Tetapi, lebih sering pengguna jalan mengalami ketakutan dan melakukan segala upaya demi menghindari hukuman yang mungkin akan mereka terima jika terlambat. Konsekuensi dari semua itu adalah jalanan menjadi lahan kompetisi untuk saling memangsa. Penggunaan lajur yang tidak sesuai, pelanggaran lalu lintas, saling potong ruas jalan adalah contoh akibat dari kompetisi antar pengguna jalan. Tentu hal tersebut membawa dampak dan potensi kerugian bagi pengguna jalan sendiri. 

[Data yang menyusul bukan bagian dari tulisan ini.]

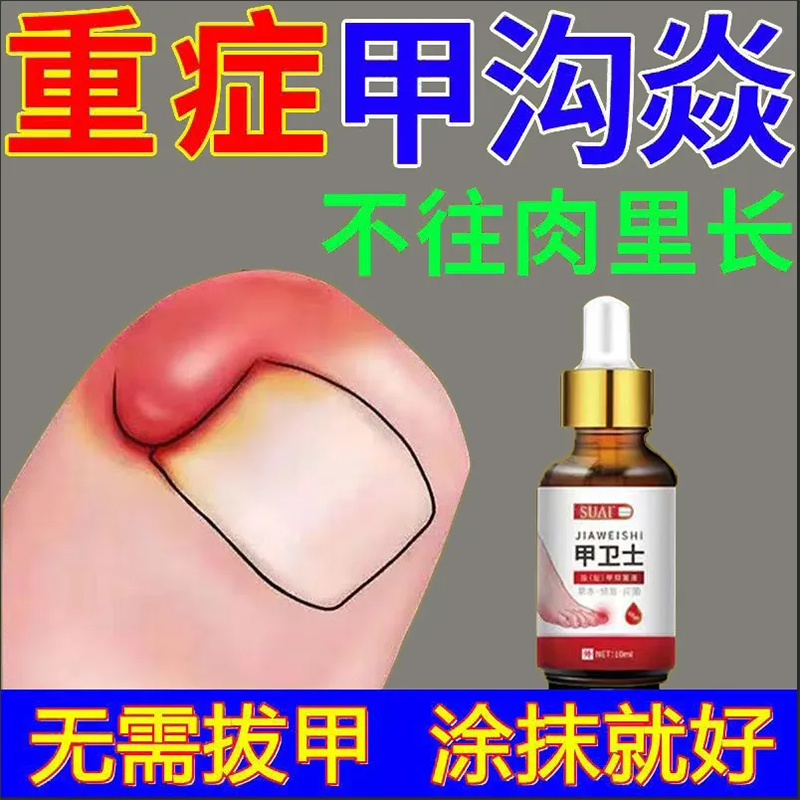 甲沟炎专用特效膏药去甲炎息肉去除嵌甲克星软甲软化剂脱甲神器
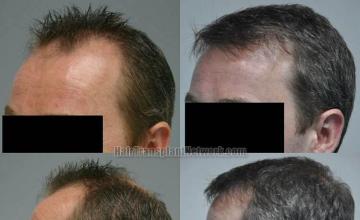 Hair transplantation surgery before and after images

Kecelakaan sangat mungkin bisa terjadi. Belum lagi kerugian akibat biaya stres karena kemacetan. Juga waktu produktif yang hilang, biaya tambahan karena konsumsi bahan bakar, dan biaya karena peningkatan polusi. Di Los Angeles USA, misalnya, konsumsi bahan bakar naik dari 5 gallon bensin pada tahun 1982 menjadi 21 gallon pada tahun 2017 akibat kemacetan. 

Melihat dengan kacamata yang lebih besar, masalah kemacetan tentu akan mempengaruhi pertambahan konsumsi bahan bakar secara nasional dan otomatis akan berpengaruh pada belanja negara. Konsumsi bahan bakar ini didukung dengan pertambahan kendaraan bermotor yang saat ini justru dipermudah dalam proses leasing untuk kredit kendaraan bermotor. Tetapi masyarakat sungguh tidak dihadapkan pada pilihan. Tidak kredit motor berarti kesusahan untuk bekerja dan tidak punya alternatif transportasi umum yang efisien. Kredit motor berarti akan menambah biaya yang tangible maupun intangible dari stres, polusi, dan bahan bakar. 

Masyarakat tidak punya kewenangan untuk mengubah sistem. Mereka yang diberi mandat pemerintahan yang seharusnya bergiat menciptakan ruang alternatif baru. Bukankah ironi, kota yang didapuk sebagai kota pelajar tapi justru miskin inovasi dan lemah eksekusi? Juga kota budaya yang semakin terdegradasi oleh kahanan. Boro-boro berpikir tentang penciptaan kebudayaan dan jalinan sosial yang lebih indah seperti yang diwariskan leluhur. Waktu masyarakat kita akan lebih dihabiskan untuk bertanya tiap pagi: “telat gak ya sampai kantor/sekolah?”